Fraksi PDI-P Apresiasi Tim Bapemperda: Dua peraturan Daerah Diharapkan Bawa Dampak Positif bagi Warga Siantar
PEMATANGSIANTAR , BNFNEWS – Dewan Perwakilan Rakyat Daerah (DPRD) Kota Pematangsiantar menggelar Rapat Paripurna DPRD-II Tahun Anggaran 2026 pada hari Senin, 30 Maret 2026. Kegiatan yang berlangsung di Ruang Harungguan DPRD Kota Pematangsiantar tersebut difokuskan pada penyampaian pendapat akhir fraksi terhadap dua buah Rancangan Peraturan Daerah (Ranperda) inisiatif, yaitu tentang insentif tenaga pendidik non-formal bidang keagamaan serta perlindungan dan pemberdayaan ketenagakerjaan lokal.

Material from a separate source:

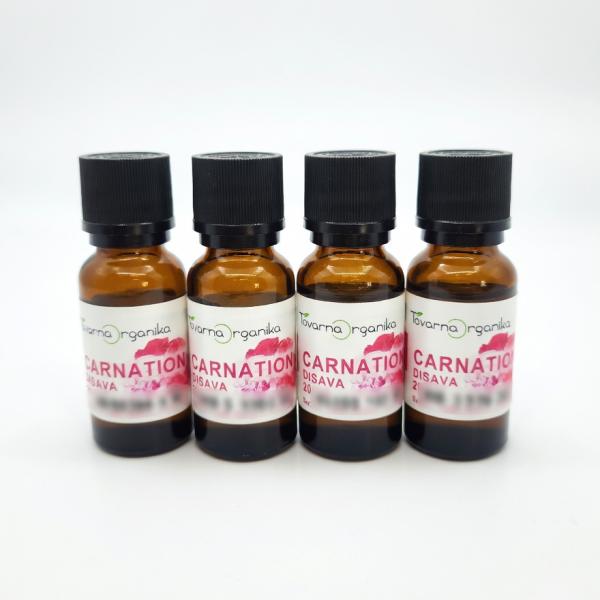 Carnation (nagelj) dišava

Rapat yang dihadiri oleh berbagai unsur terkait dipimpin langsung oleh Ketua DPRD Kota Pematangsiantar Timbul Marganda Lingga. Ia didampingi oleh Wakil Ketua DPRD Frengky Boy Saragih dan Daud Simanjuntak, yang bersama-sama memastikan jalannya rapat berjalan dengan lancar dan sesuai dengan prosedur yang berlaku.
Hadir secara langsung dalam rapat tersebut adalah Walikota Pematangsiantar Wesly Silalahi beserta jajaran Otonomi Perangkat Daerah (OPD) terkait. Kehadiran pemimpin daerah dan para pejabat OPD menunjukkan dukungan penuh terhadap proses pembahasan peraturan daerah yang diharapkan memberikan manfaat bagi masyarakat.

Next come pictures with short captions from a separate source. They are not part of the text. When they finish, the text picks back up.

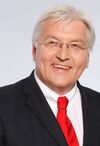 Der Fraktionsvorsitzende der SPD im Deutschen Bundestag, MdB Frank-Walter Steinmeier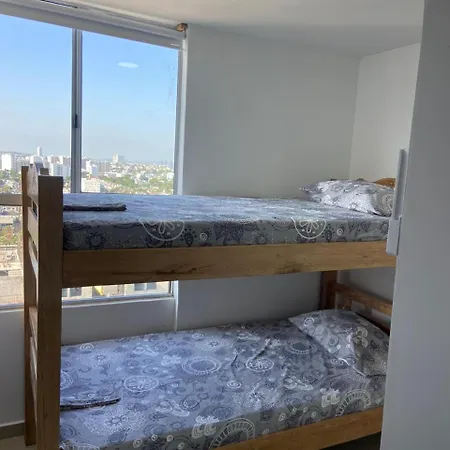 Comodo Cartagena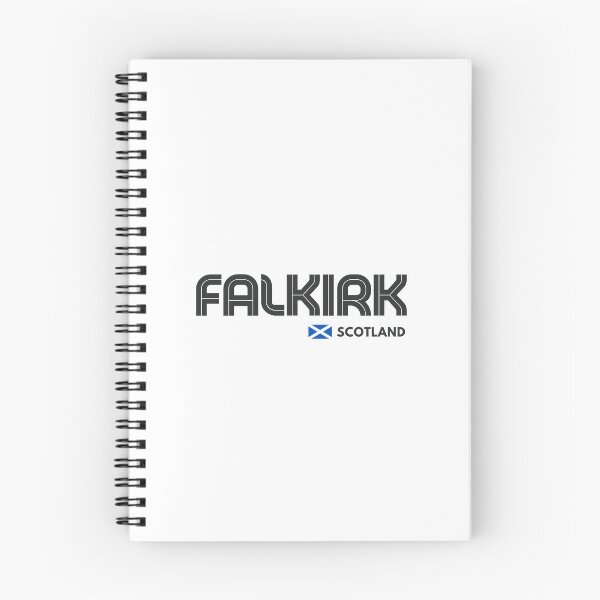 Item preview, Falkirk - Scotland  designed and sold by Sketch-Shack.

Sebelum memasuki tahap penyampaian pendapat akhir, dilakukan verifikasi kehadiran anggota dewan. Sebanyak 23 anggota dewan hadir dalam rapat ini, yang dinyatakan telah memenuhi syarat kuorum sesuai dengan peraturan perundang-undangan yang berlaku. Hal ini menjadi dasar sahnya pelaksanaan seluruh rangkaian rapat.

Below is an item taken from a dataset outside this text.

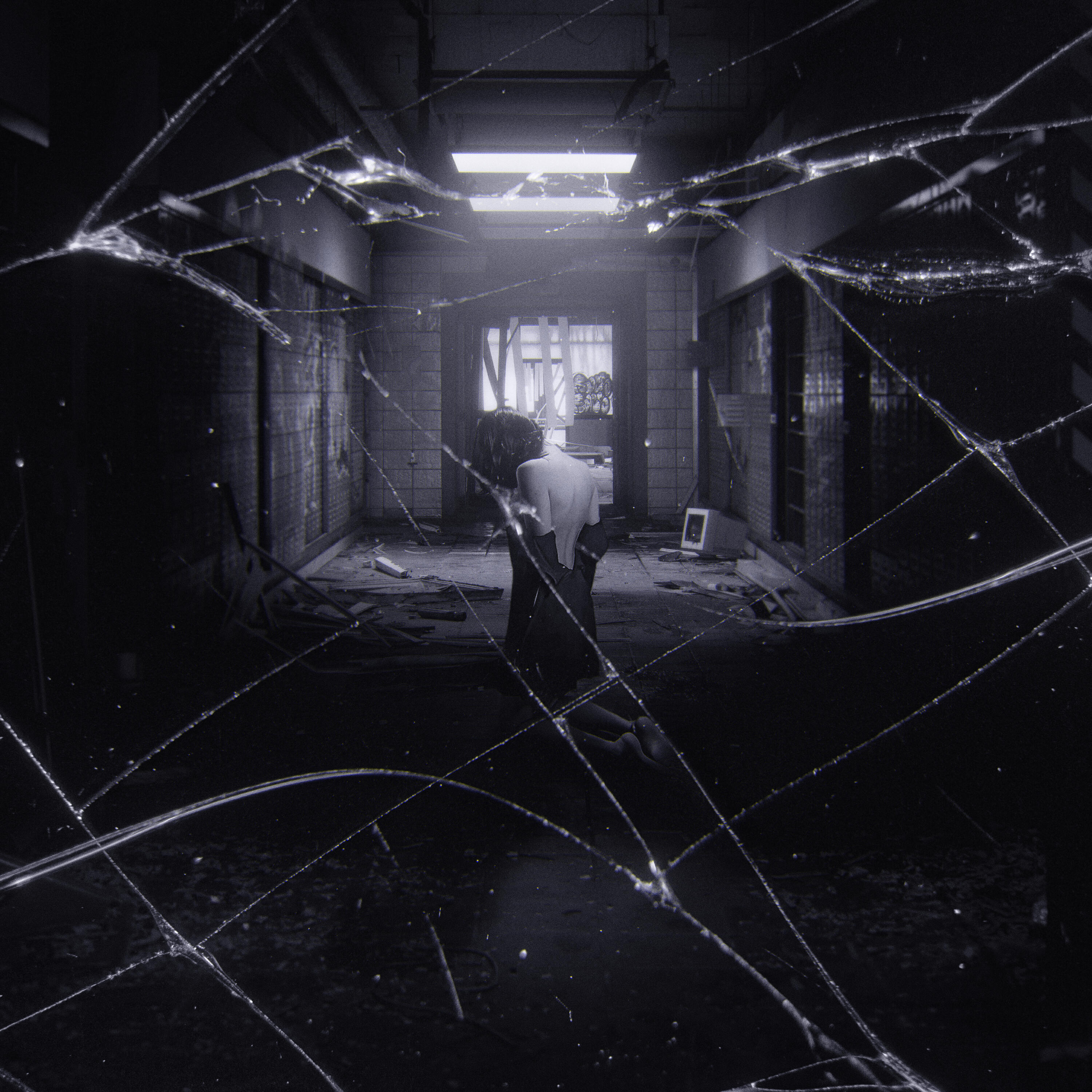 Релиз ANTISOCIAL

Pendapat akhir terhadap kedua Ranperda disampaikan oleh perwakilan Fraksi Partai Demokrasi Indonesia Perjuangan (PDI-P), Erwin Siahaan. Dalam pembacaannya, Fraksi PDI-P menyatakan menerima dan menyetujui penuh kedua rancangan peraturan daerah yang telah melalui proses pembahasan dan koordinasi yang matang.
Dalam pandangan akhir fraksi PDI Perjuangan, Erwin Siahaan menyampaikan harapan besar bahwa kedua Ranperda tersebut dapat membawa dampak positif bagi seluruh warga Kota Pematangsiantar. Ia menekankan bahwa keberadaan peraturan ini diharapkan dapat berkontribusi dalam meningkatkan kualitas pembangunan kota, khususnya di sektor pendidikan non-formal bidang keagamaan dan pengembangan ketenagakerjaan lokal.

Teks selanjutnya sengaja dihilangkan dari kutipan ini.